Crawled caption data
┌────────

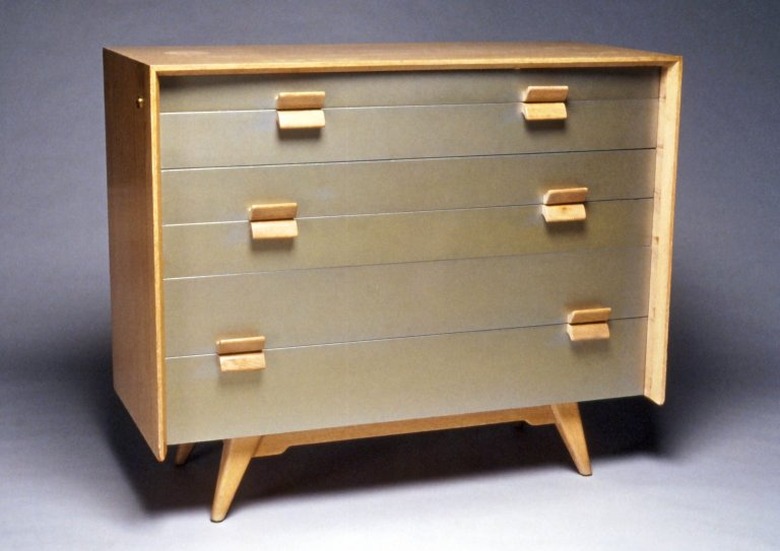 midcentury modern chest of drawers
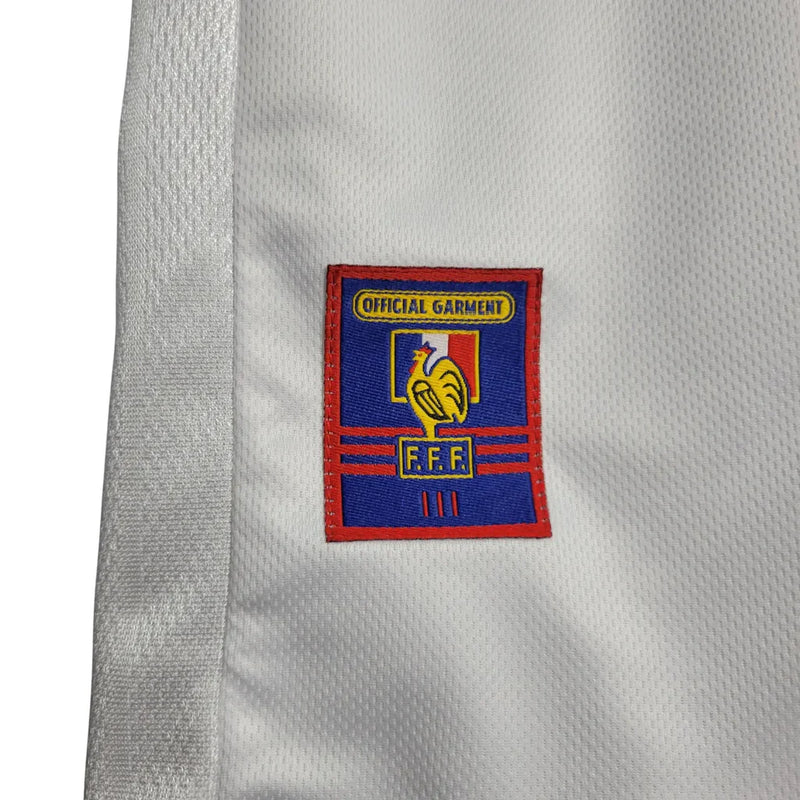 Camisa França Retrô Away - 1998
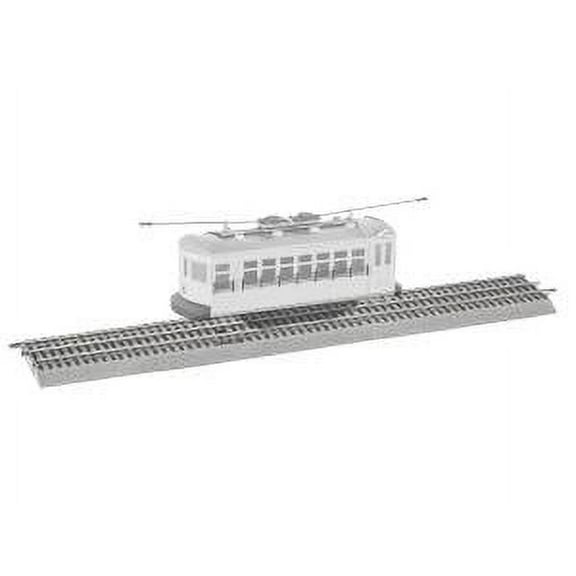 Lionel 6-84373 O FasTrack 15'' Special Trolley Announcement Track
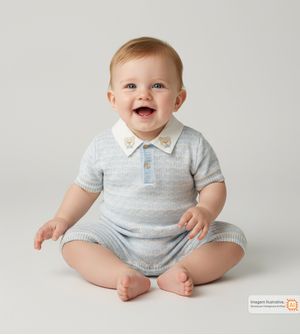 Macaquinho Urso - 121333AB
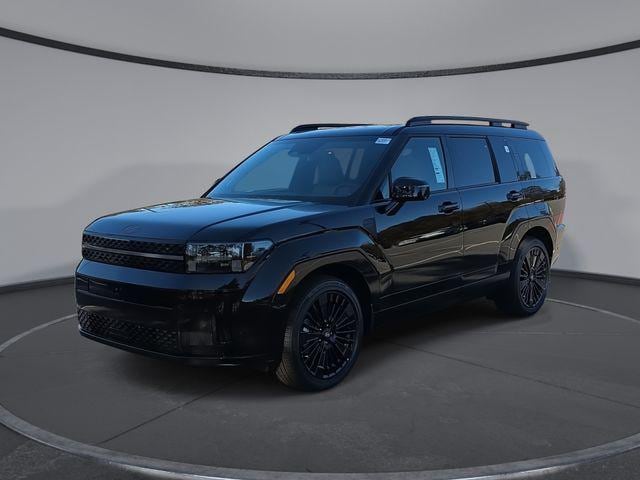 2026 Hyundai Santa Fe Calligraphy's photo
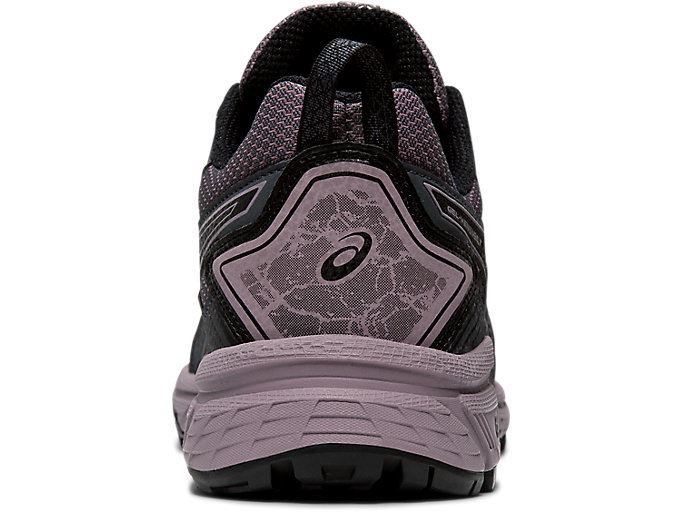 Grey / Purple Asics GEL-VENTURE 7 Women's Running Shoes | YHTA0196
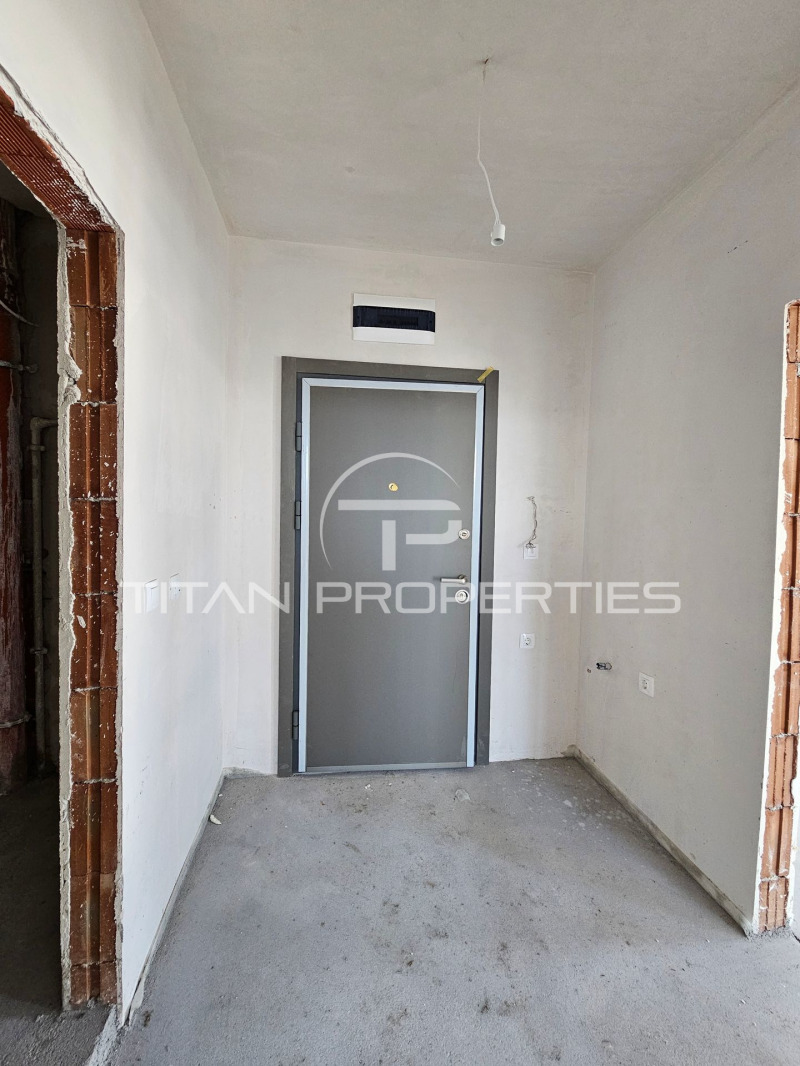 Продава 2-СТАЕН, гр. Пловдив, Остромила, снимка 6 - Апартаменти - 47894109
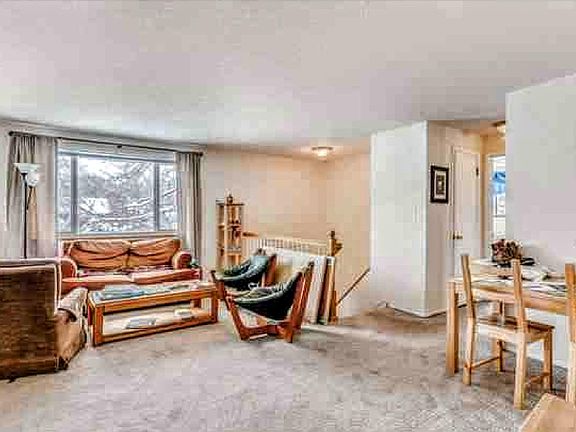 Large Living Room and Dining area.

└────────

■ **Exercise description**: Above are the records; copy them exactly without the pictures.

■ **Solution**:
 midcentury modern chest of drawers
 Camisa França Retrô Away - 1998
 Lionel 6-84373 O FasTrack 15'' Special Trolley Announcement Track
 Macaquinho Urso - 121333AB
 2026 Hyundai Santa Fe Calligraphy's photo
 Grey / Purple Asics GEL-VENTURE 7 Women's Running Shoes | YHTA0196
 Продава 2-СТАЕН, гр. Пловдив, Остромила, снимка 6 - Апартаменти - 47894109
 Large Living Room and Dining area.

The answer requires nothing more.